In Dalwadi v. Minister of Labour, Immigration, Training and Skills Development (Div Court, 2023) the Divisional Court considered an unusual JR under Ontario's Immigration Act (IA), here relating to the 'Ontario Immigrant Nominee Program'. In these quotes to court sets out the program and some relevant IA provisions:
[1] The Ontario Immigrant Nominee Program (the “Program”) is an economic immigration selection program that promotes the Ministry of Labour, Immigration, Training and Skills Development’s mandate of attracting skilled and in-demand newcomers to Ontario in order to maximize the benefits of immigration to the province. The Program nominates foreign nationals who meet criteria intended to benefit Ontario’s economy to Immigration, Refugees and Citizenship Canada (“IRCC”), allowing the nominee to apply for permanent residence.

[2] The applicants are foreign nationals who received job offer-based nominations from the Program and applied for permanent residence. With their nominations, each applicant received a work permit support letter (“WPSL”), which was valid for six months.

....

Legislative Framework

[6] The Program was created under the Ontario Immigration Act, 2015,[1] which enables the Minister to create a selection program by regulation if the province has entered into an agreement with the federal government under s. 8(1) of the Immigration and Refugee Protection Act.[2] The current agreement is the Canada-Ontario Immigration Agreement.

[7] The Program has multiple “streams” for people to apply. For any of the streams, if an applicant meets the criteria, the director of the Program issues a certificate of nomination. The certificate is used by the applicant to apply for permanent residence.

[8] Upon granting an application, the director may attach to the approval the conditions and restrictions the director considers advisable: Ontario Immigration Act, 2015, s. 17(1).

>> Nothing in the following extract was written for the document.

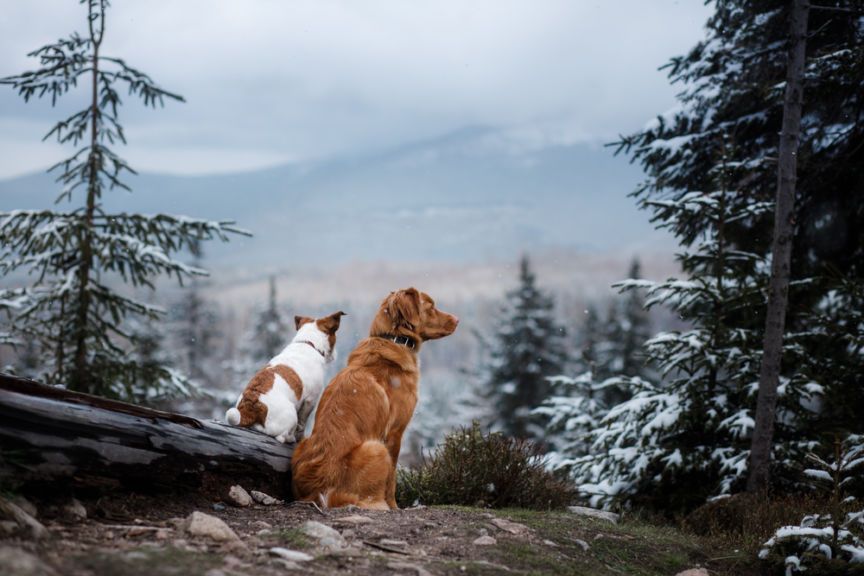 górale ratują zwierzęta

The holder of an approval is required to comply with any conditions and restrictions attached to the approval: Act, s. 17(2).

[9] Section 18 of the Act provides:
(1) The director may cancel an approval if,

(a) the director is of the opinion that it was issued based on mistaken, false or incorrect information;

(b) the holder of the approval fails to comply with the conditions or restrictions attached to the approval;

(c) the approval is an approval of a foreign national that is subject to the condition that an approved employer employ the individual and,

(i) the employer requests the director in writing to cancel the approval, or

(ii) the employer’s approval is cancelled; or

(d) the approval is an approval of a foreign national that is subject to another approval and the other approval is cancelled.

(2) Upon cancelling an approval, the director shall give a written notice of the cancellation to the holder of the approval.
[10] A person may request an internal review of a decision or order of the director: Act, s. 34. The internal review requirements are set out at s. 10 of O. Reg. 421/17 which provides:
(1) A requester of an internal review under section 34 of the Act of a decision or an order,

(a) shall identify in the request an error in the decision or order that, if not made, would have resulted in the decision or order being decided differently; and

(b) shall not include in the request any evidence that was not adduced before the decision or order was made unless the evidence was not reasonably available at that time.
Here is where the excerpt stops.